DATA BLOCK:
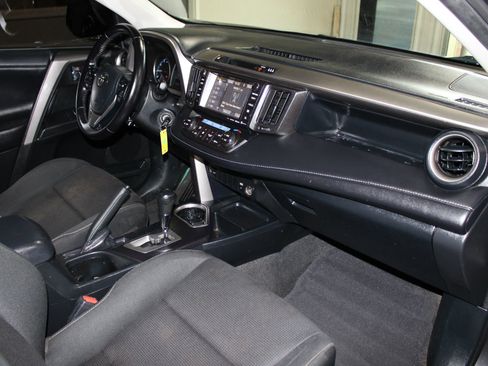 Used 2017 Toyota RAV4 XLE FWD image 27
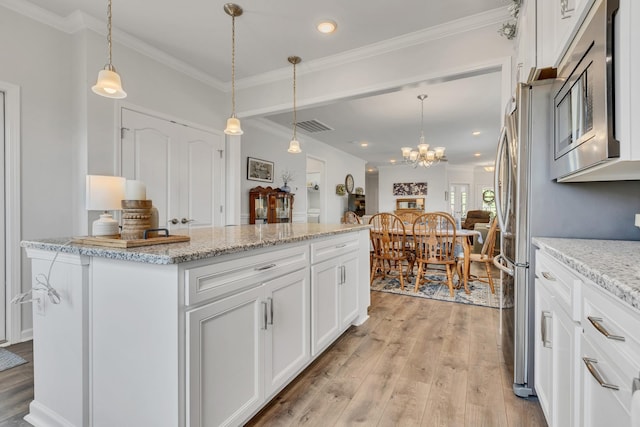 1514 Bledsoe Knl, Spring Hill, TN 37174 - kitchen featuring light wood finished floors, crown molding, white cabinets, a chandelier, and a kitchen island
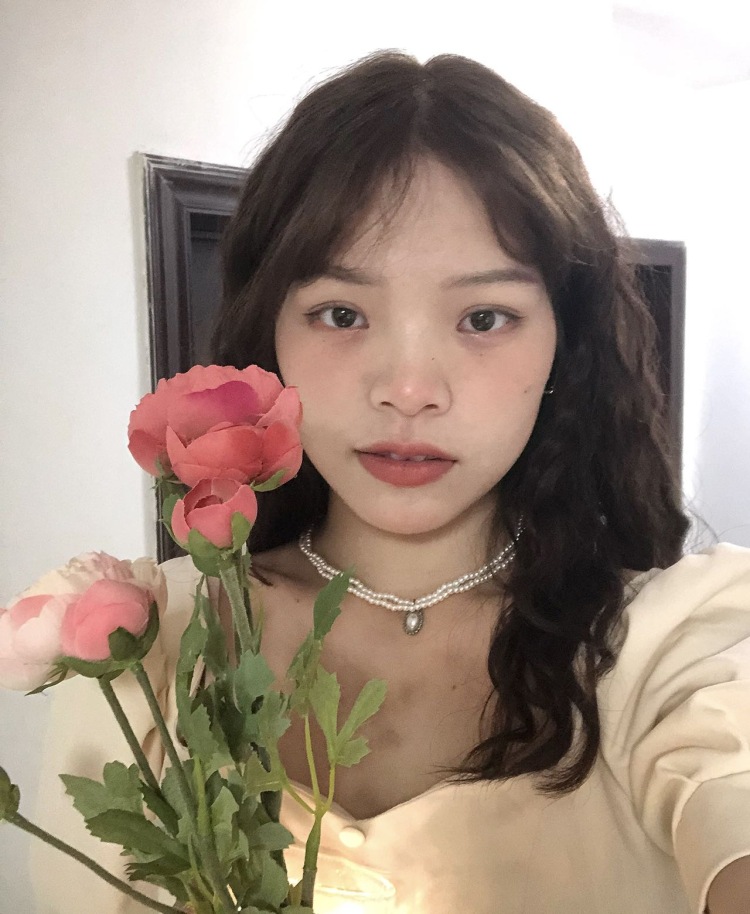树莓咩🌳-广西壮族自治区·南宁市·良庆区--本人喜欢拍照,平时无聊就喜欢拍点拍照,会p图,调滤镜。偶尔拍拍首饰品。对镜自拍也喜欢。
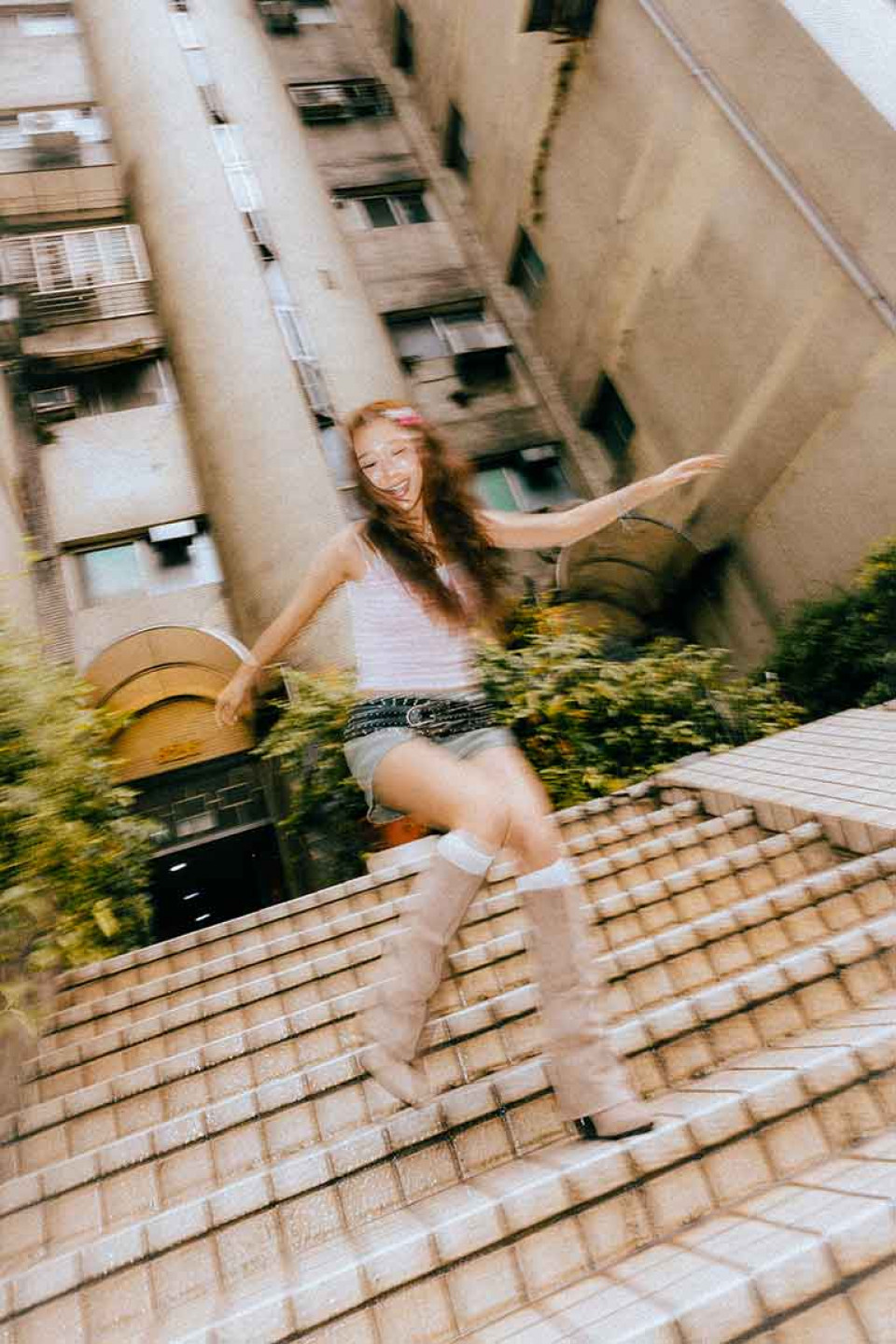 歌名玩轉韓文諧音 以外國人視角捕捉台式崩潰日常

WHAT IS BEING ASKED:
Return the whole listing word for word. Pictures stay out of it.

TASK SOLUTION:
 Used 2017 Toyota RAV4 XLE FWD image 27
 1514 Bledsoe Knl, Spring Hill, TN 37174 - kitchen featuring light wood finished floors, crown molding, white cabinets, a chandelier, and a kitchen island
树莓咩🌳-广西壮族自治区·南宁市·良庆区--本人喜欢拍照,平时无聊就喜欢拍点拍照,会p图,调滤镜。偶尔拍拍首饰品。对镜自拍也喜欢。
 歌名玩轉韓文諧音 以外國人視角捕捉台式崩潰日常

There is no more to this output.